Top of EXERCISE DATA

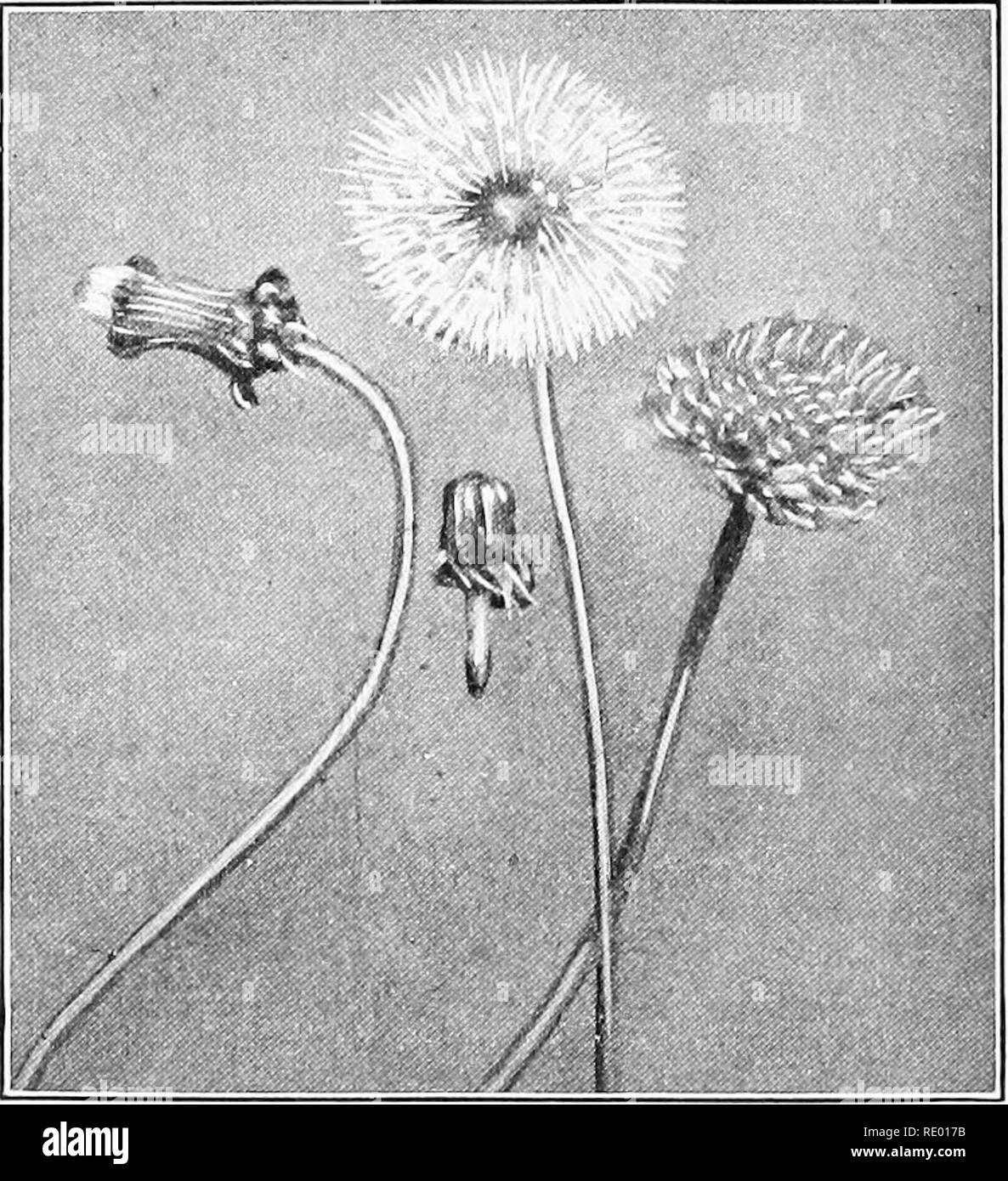 . Grundlagen der Biologie in Probleme. Biologie. Einige unserer schlimmsten Unkraut auf diese Weise. Die Klette und famihar clotbur sind Beispiele. Sowohl in der Masse der httle Haken ist alles, re-Netz einer Hülle. Damit die ganze Frucht Cluster kann erfolgen über und Samen verstreut werden. In vielen der Com-posites, wie in der cockleburs und Beg-gar-Zecken, die Früchte mit stark gekrümmten Projektionen, die Die coekiebur tragen zur Verfügung gestellt werden. Hinweis Die gekrümmten viele kleinere hooklike Widerhaken. ^°^^ - "Pappus. - Vermutlich die wichtigsten Anpassungen für die Verbreitung der Samen sind jene, die von der die Frucht ausgestattet ist Stockfoto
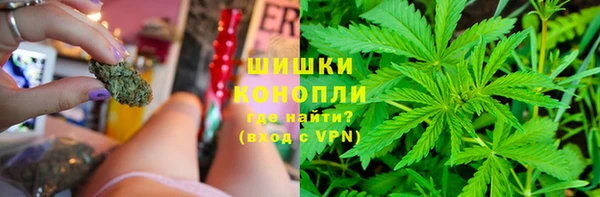 прущие грибы Балахна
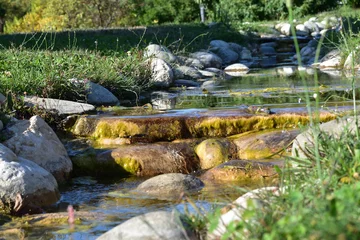 Poster de jardin  Paysage  © hugo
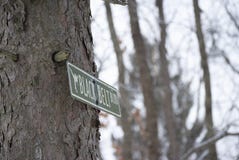 Street sign on the side of a tree in winter stock image Street sign on the side of a tree in winter stock image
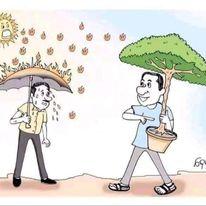 environment programme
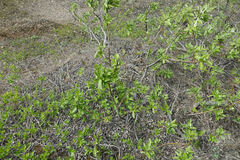Salix pulchra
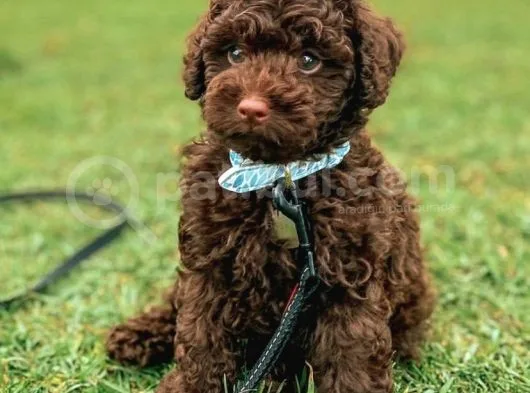 Chocolate Poodle Disi Yavrumuz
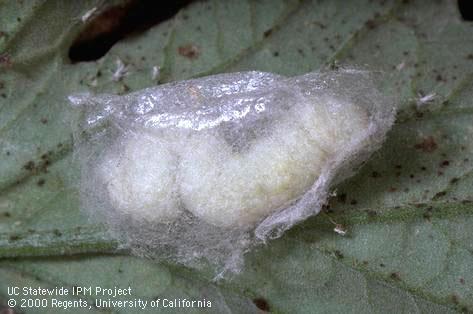 Cocoon of cabbage looper.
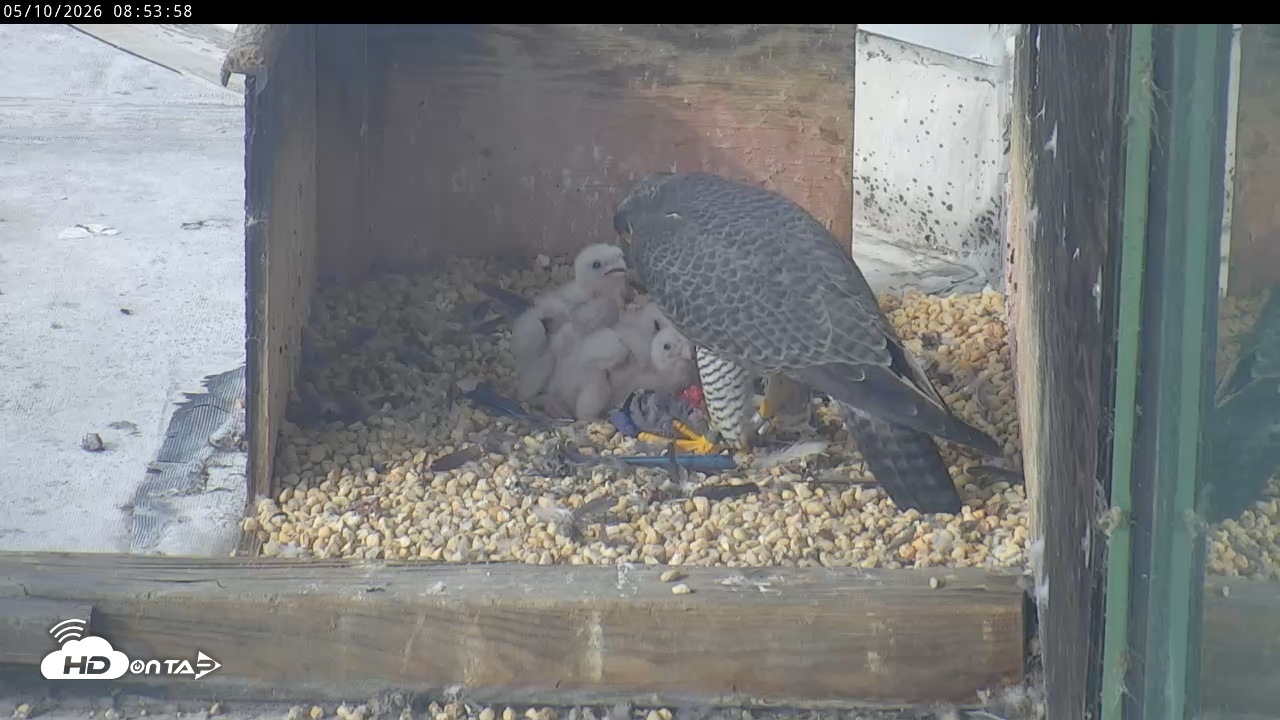 Snapshot of PA Peregrine Falcon Cam Live Webcam taken May 10, 2026, 8:47am EDT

Bottom of EXERCISE DATA

**AIM OF THE EXERCISE:** Reproduce exactly, with nothing added, the lines from the line with "Poster de jardin" through the end of the entries above; pictures are to be left out.

**ANSWER FOR THIS EXERCISE:**
 Poster de jardin  Paysage  © hugo
 Street sign on the side of a tree in winter stock image Street sign on the side of a tree in winter stock image
 environment programme
Salix pulchra
 Chocolate Poodle Disi Yavrumuz
 Cocoon of cabbage looper.
 Snapshot of PA Peregrine Falcon Cam Live Webcam taken May 10, 2026, 8:47am EDT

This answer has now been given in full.